Thanks for all the feedback, hopefully I can reply without coming across all defensive ( No pun intended ).

Re: Paradroid sample, well spotted. Paradroid ( C64 version ) is still one of the best games I've ever played, and that sample was just too perfect not to have in there. Part of my Braybrook worship ( Along with the dreadnought itself ).

@Pieter some excellent points there. The main thing I totally agree with is the gun cool down / reload period. After the weapons have shot their load ( So to speak ) they reset and that can be misleading and feel like the guns are dumb / non responsive ( As @Vebyast commented ) rather than reloading. That was a major oversight on my behalf.

@fsjd Thanks. The "one" level was a deliberate thing, it's meant to be a pick up and play game, leaning to my more arcade sensibilities.

@V2Blast Thanks for taking the time to post feedback.
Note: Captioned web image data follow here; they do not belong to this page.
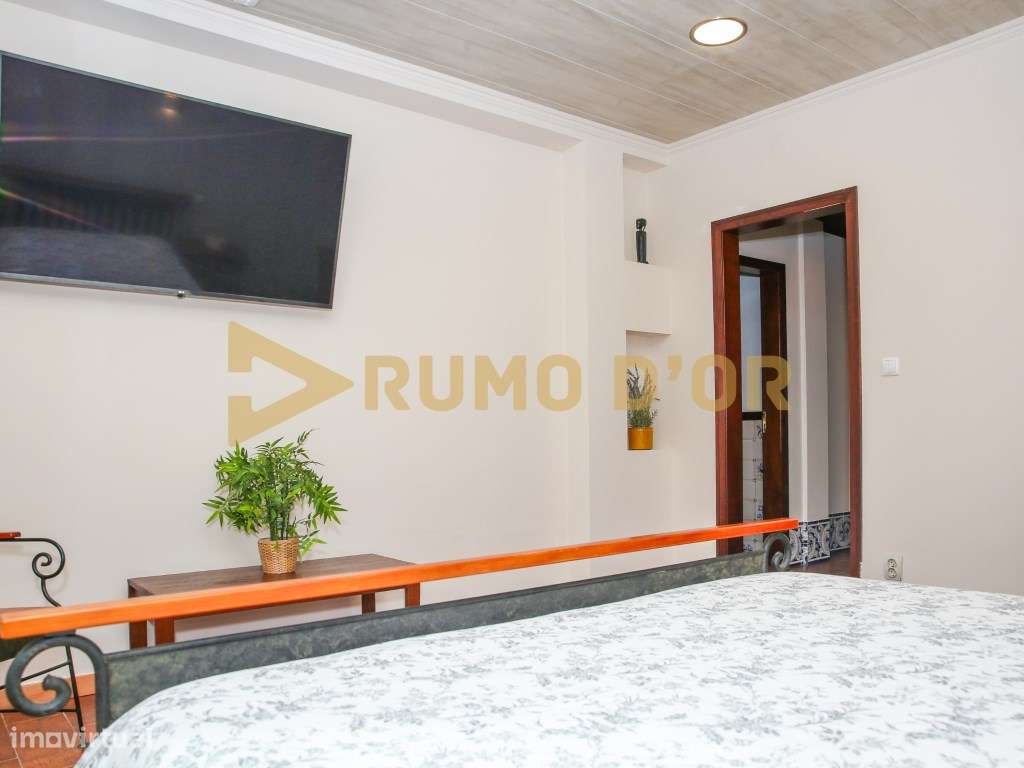 Moradia Exclusiva com áreas Independentes - junto a Arruda dos Vinhos-16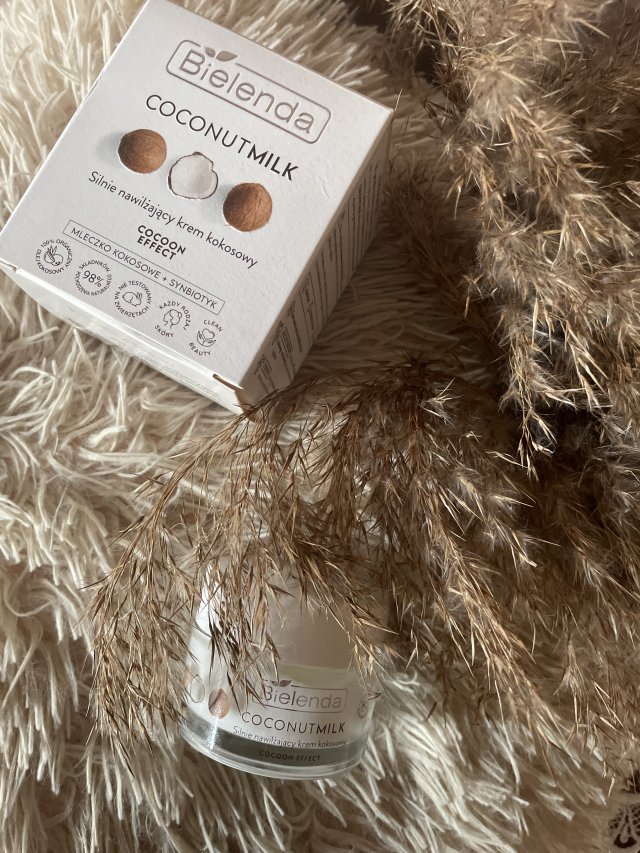 Bielenda Coconut Milk, Krem do twarzy, Silnie nawilżający, Kokosowy, Cocoon Effect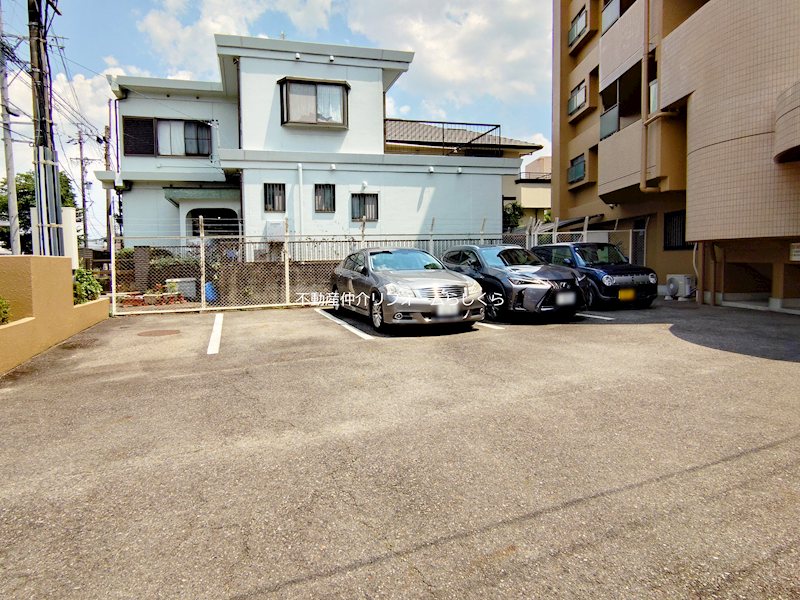 共用部写真（駐車場）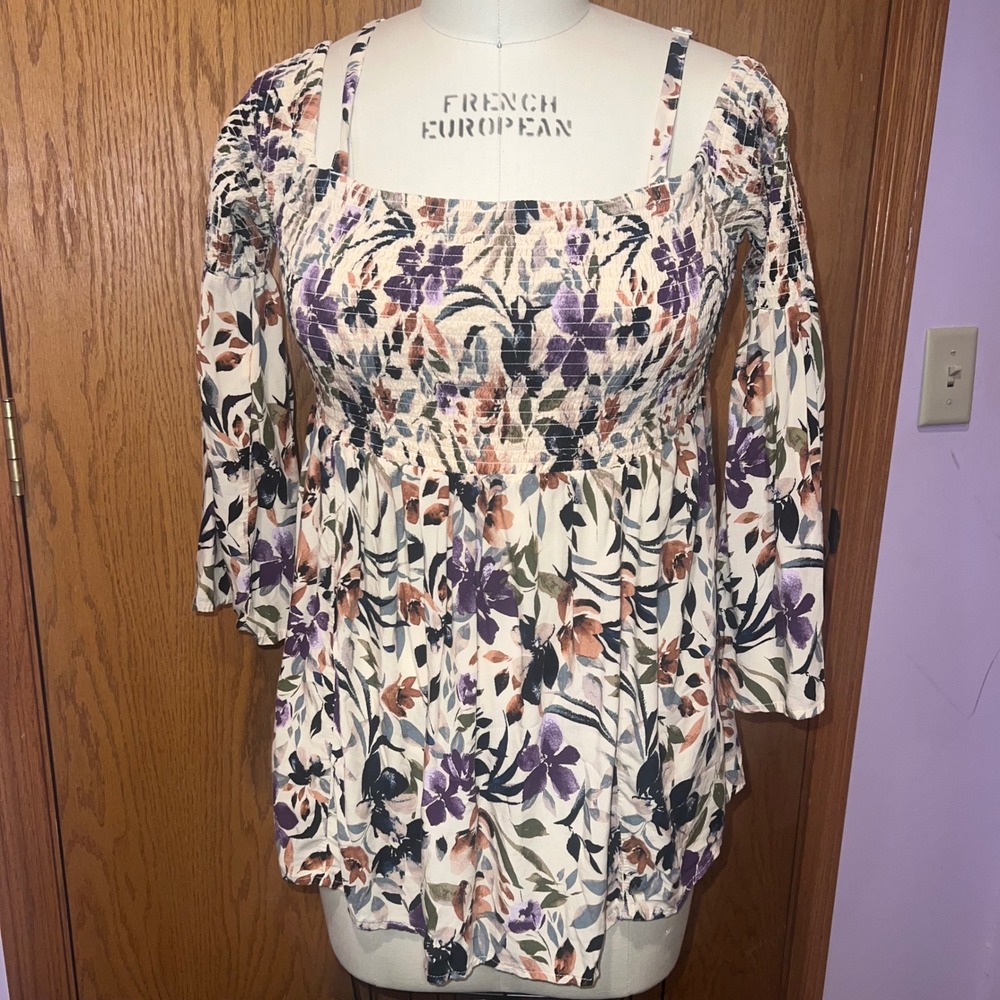 Torrid Smocked Floral Top Womens 0 L Cream Purple Boho Bell Sleeve Off Shoulder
As to the repair / upgrade all buttons ( Again :) ), people weren't getting why the upgrade option was ghosted out at times, not realising that it was because they couldn't afford it even though it was available. I think having "All" buttons would open a huge can of worms, with players thinking they're were broken ( Imagine a dreadnought with 20 active towers, some expensive ones on there, it could be quite possible that you'd never have enough cash to upgrade them all by one level ).

Hopefully my replies here don't come across as "This is my art, why aren't you getting it!". I just figured it may be of interest to explain some design decisions. Some were bad, some good, some I had no option.
All the feedback has been excellent, thank you. It will all be factored into the next game ( Although that won't be a TD ;) ).


really good idea, really tedious gameplay

Anonymous March 12, 2010 10:42 AM

I couldn't see a way to get a graphic feel for where the turret ranges were. Usually, the selected turret in a TD game shows a range circle. Also, there wasn't any indication of current damage / upgraded damage. TD's need to have a clear, unambiguous indication of what you're getting when you upgrade. Exploring the tech tree is how TD players optimize their strategy by cost/benefit analysis.

Personally, I can't stand any TD game with a "repair" mechanism. Very, very few TD's have one, precisely because the charm of TD is the set-it-and-forget-it gameplay centered around careful planning, timely upgrades and optimal economics. Putting in a repair mechanism just creates a micromanagement clickfest nightmare.